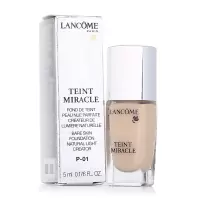 兰蔻(lancome)粉底液奇迹薄纱持妆粉底液5ML PO-01象牙白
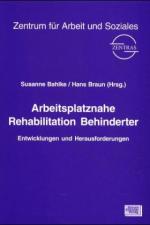 Cover-Bild Arbeitsplatznahe Rehabilitation Behinderter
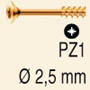 Vis acier bichromatés 2.5 - PZ1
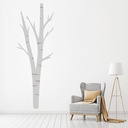 Grey Winter Tree Woodland Wall Sticker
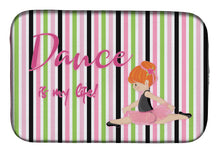 Load image into Gallery viewer, Ballet Dance is my Life Red Dish Drying Mat – Absorbent, Artistic Kitchen Essentials BB5394DDM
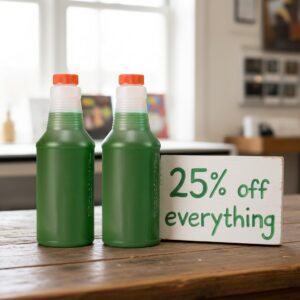Green sign making ink in 2 16oz bottles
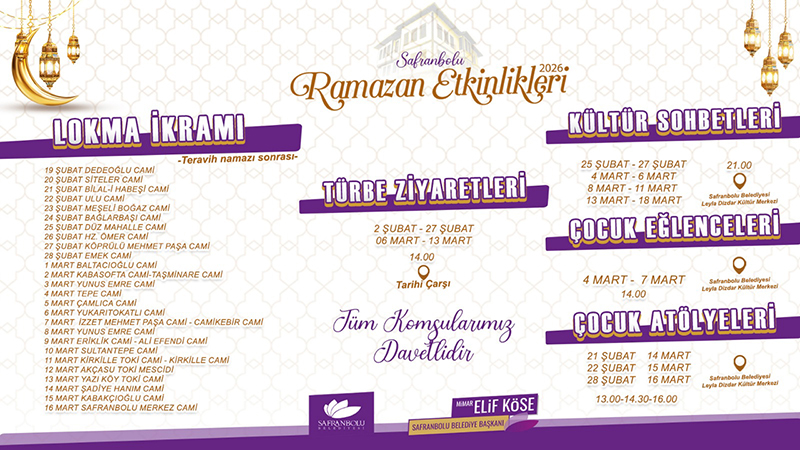SAFRANBOLU’DA RAMAZAN COŞKUSU BAŞLIYOR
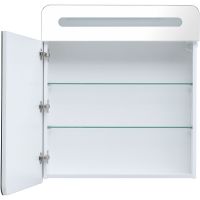 Зеркальный шкаф Aquanet Лукка 70 с подсветкой Белый глянцевый арт-178955 — фото 4, Зеркальные шкафы в ванную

## EXERCISE AIM
Please print the data above once more, exactly as it appears, with no pictures.

## SOLUTION BELOW
 兰蔻(lancome)粉底液奇迹薄纱持妆粉底液5ML PO-01象牙白
 Cover-Bild Arbeitsplatznahe Rehabilitation Behinderter
 Vis acier bichromatés 2.5 - PZ1
 Grey Winter Tree Woodland Wall Sticker
 Load image into Gallery viewer, Ballet Dance is my Life Red Dish Drying Mat – Absorbent, Artistic Kitchen Essentials BB5394DDM
Green sign making ink in 2 16oz bottles
SAFRANBOLU’DA RAMAZAN COŞKUSU BAŞLIYOR
 Зеркальный шкаф Aquanet Лукка 70 с подсветкой Белый глянцевый арт-178955 — фото 4, Зеркальные шкафы в ванную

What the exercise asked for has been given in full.